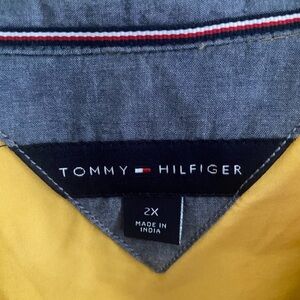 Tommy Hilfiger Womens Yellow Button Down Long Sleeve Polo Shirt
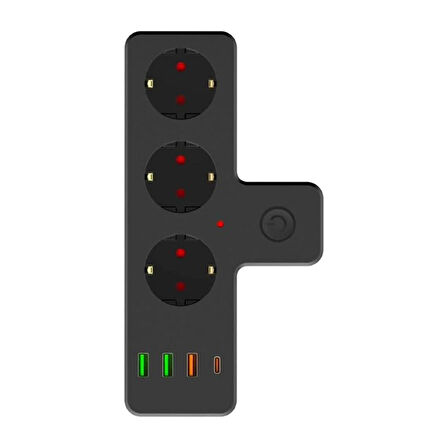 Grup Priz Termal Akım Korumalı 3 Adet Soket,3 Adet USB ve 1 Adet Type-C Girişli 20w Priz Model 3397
----------------
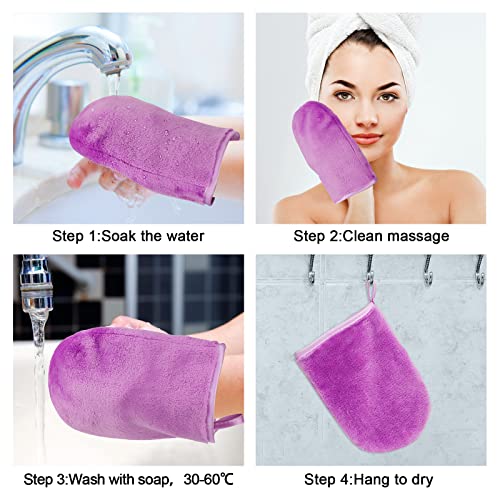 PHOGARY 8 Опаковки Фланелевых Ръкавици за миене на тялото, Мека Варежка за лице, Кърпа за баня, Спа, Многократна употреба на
----------------
## Directions
When copying from the data above, begin at the line containing "Tommy Hilfiger Womens" and end at the line containing "Grup Priz Termal"; return those lines exactly and leave all pictures behind.

## Solved problem
 Tommy Hilfiger Womens Yellow Button Down Long Sleeve Polo Shirt
 Grup Priz Termal Akım Korumalı 3 Adet Soket,3 Adet USB ve 1 Adet Type-C Girişli 20w Priz Model 3397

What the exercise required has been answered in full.